Does it matter when popular stories about “sex trafficking” are based on half-truths, junk science, and/or religious beliefs? Given that many people are interested in the issue of human trafficking in general and human trafficking in the sex industry in particular, it is critical that we face the consequences of stories told in the name of rescuing girls and women.
Since the passing of the Trafficking Victims Protection Act of 2000 (TVPA), stories of human trafficking have been well integrated into the American cultural imagination. While there are now many more reliable scholarly resources on human trafficking today then there were at the turn of the 21st century, many individuals still derive most of their knowledge about human trafficking from sensationalistic media stories about so-called “sex trafficking.” [i]
In the United States, mediated stories of human trafficking of sex workers vary around specific contextual details of who, when, and where, but they consistently portray the same messages about why and how. Hollywood action-adventure characterizations of victims and villains are deployed; complex structural problems are squeezed into personal morality tales; and the stories are then used by anti-sex work politicians and activists to justify heightened forms of criminal punishment. While the stories may have popular appeal, evidence suggests that more criminalization actually hurts all sex workers across the continuum of privilege and oppression.
The argument I will make here is organized around the following interrelated points:
- We must critically interrogate dominant stories told about people in the sex industry. (There are numerous examples, but I will focus here on the content and impact of recent feature length film in particular, The Abduction of Eden);
- Such stories justify the criminal punishment system via rescue/capture methods as an avenue for social justice (this includes laws being proposed right now in Washington State);
- Because the criminal punishment system has a long history of destroying the lives of poor people and people of color — including those of sex workers — academics and activists concerned about people in the sex trade need to rethink this entire set of dominant stories and strategies.
1. Demonizing tales
While there are a plethora of sensationalized media stories about coercion, abuse, and trafficking in the sex industry one recent story – Abduction of Eden (AKA Eden, released 2012) – provides a powerful blend of Hollywood and Biblical tropes. This in combination with the promise that Eden is a “true” story makes it a productive one for understanding the relationship between American cultural storytelling and political policies about sex work and human trafficking.

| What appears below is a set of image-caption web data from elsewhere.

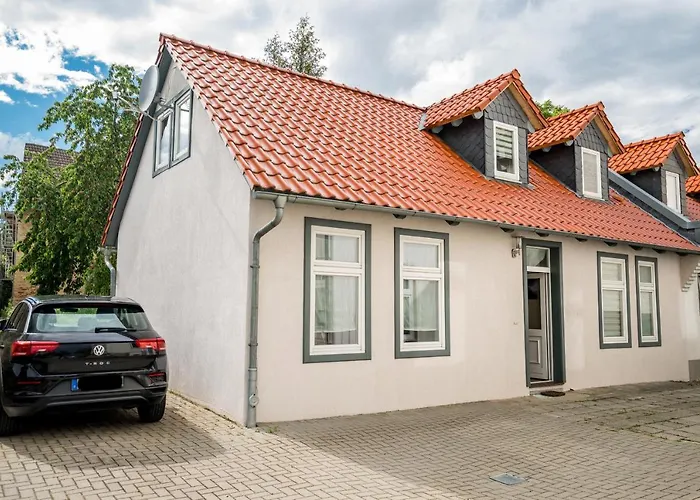 Harznester - Am Thie * Blankenburg (Harz)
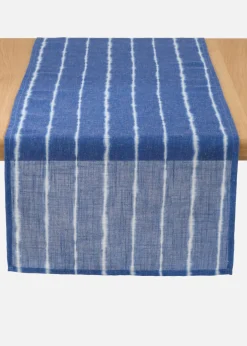 bonprix bonprix Camino de mesa con mezcla de lino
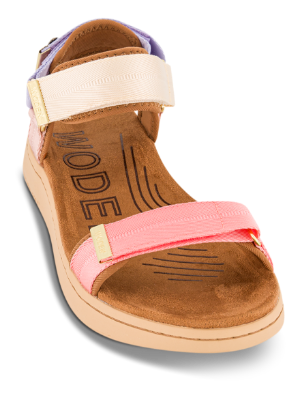 Woden Damesandal Beige WL926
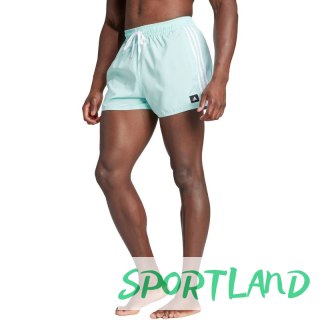 Szorty adidas 3-Stripes CLX Swim Shorts M IS2056 S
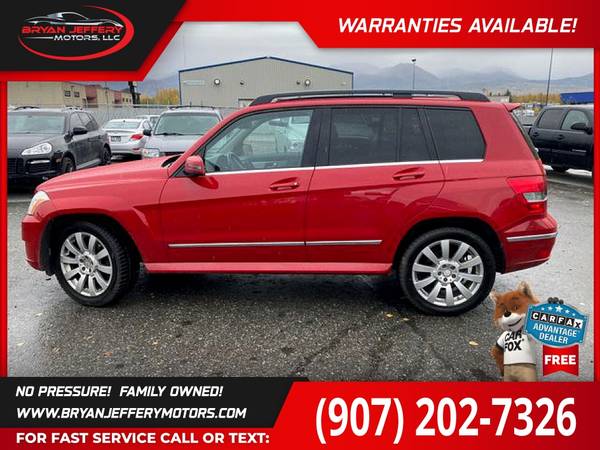2010 Mercedes-Benz GLK-Class GLK 350 4MATIC Sport Utility 4D FOR for sale in Anchorage, AK – photo 13
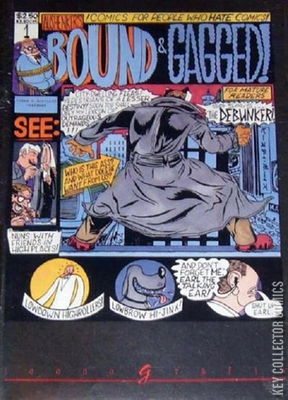 Bound & Gagged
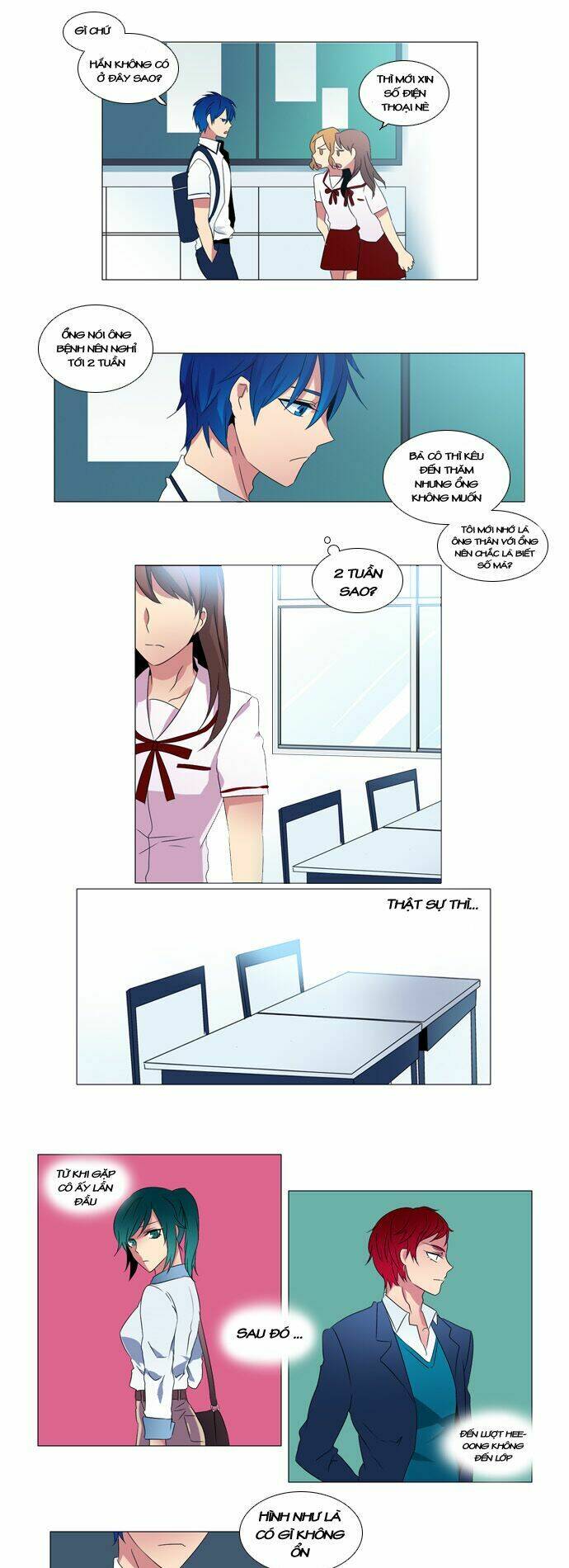 Wonted: Chapter 15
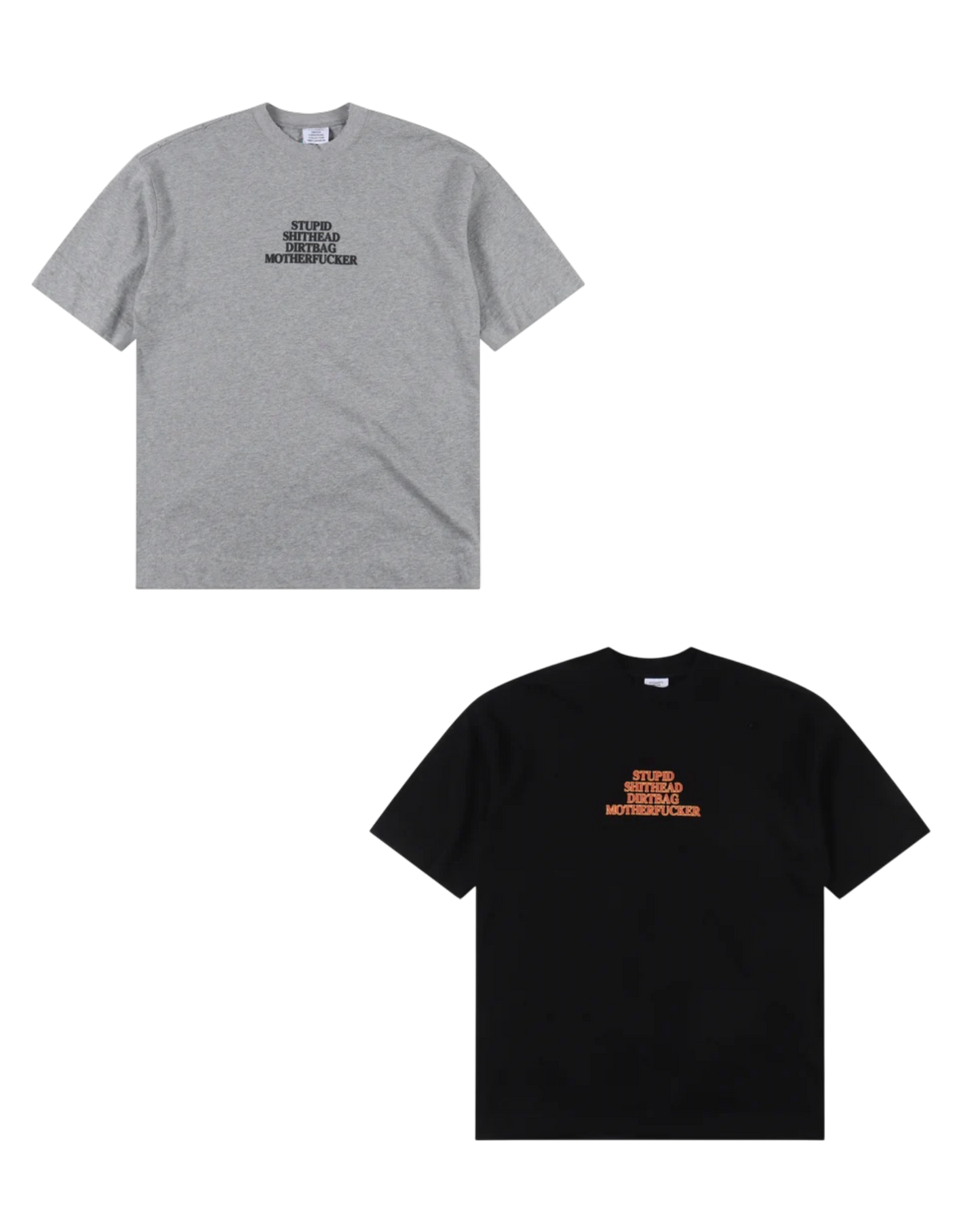 VETEMENTS T-SHIRT - SUPER CLONE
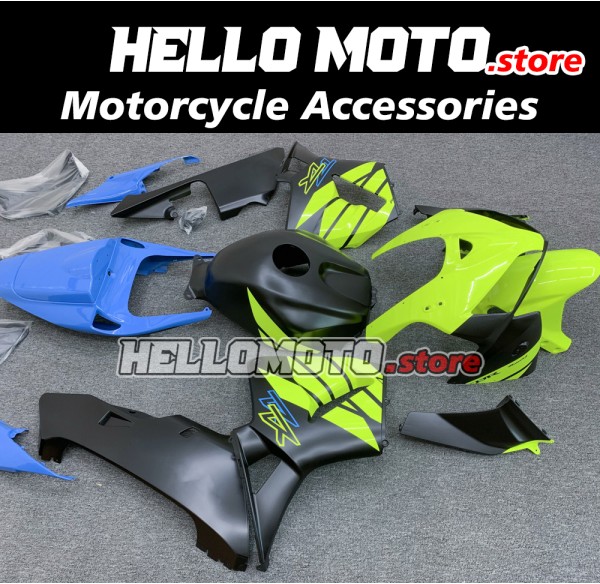 Honda CBR 600RR 2005-2006 Fairing P/N 1B14 Honda CBR 600RR 2005-2006 Fairing P/N 1B14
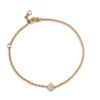 Pear Cut Diamond Bracelet, 14K Yellow Gold -Cheap Glisterra Store 12171591 01 scaled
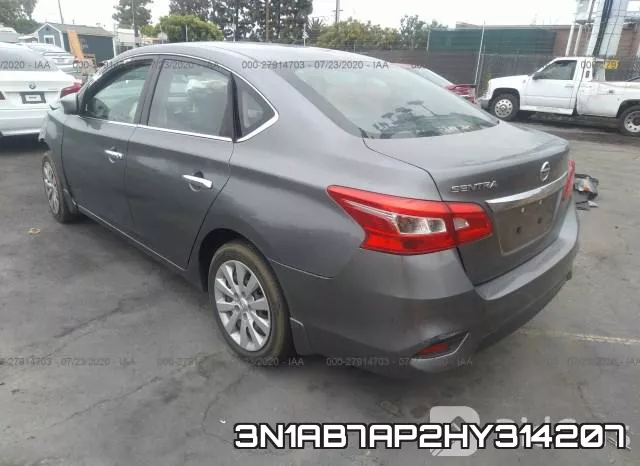 3N1AB7AP2HY314207 фото 4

Eden is a feature length film directed by Seattle filmmaker Megan Griffiths derived from the allegedly true story of Chong Kim. The protagonist (actress Jamie Chung) – a naïve 17 year old girl with hard working, Korean immigrant, Christian parents – is kidnapped and brought to a warehouse/jail with dozens of thin, young, feminine, cisgender, and (mostly white) girls who are forced to stand obediently in line wearing identical white underwear-tanktop sets. The protagonist’s (now renamed “Eden”) first assignment is on a BDSM porn set; she sobs as her hands are handcuffed and pulled upward. At her next job Eden attempts a dramatic escape; bloody and screaming she runs into a suburban backyard with white women drinking white wine (they don’t call the police and Eden is recaptured). We learn that Eden’s best friend in the prison/brothel was stolen at age 13, and when her friend gets pregnant and gives birth, her baby is also stolen and sold. A message portrayed in Eden is that when girls disobey or simply grow too old for the work (20+ years of age) they are executed. The film also implies that this sex trafficking operation is part of an international network directed from outside the US. Although the external controller is never named, there are Russian men working for the operation and Dubai is frequently mentioned. This includes a scene where the drug-addicted supervisor (Vaughn/Matt O’Leary) threatens Svletlana (Naama Kates), a blonde Russian woman with being sent back to Dubai, where she “can get dicked by donkeys all day.”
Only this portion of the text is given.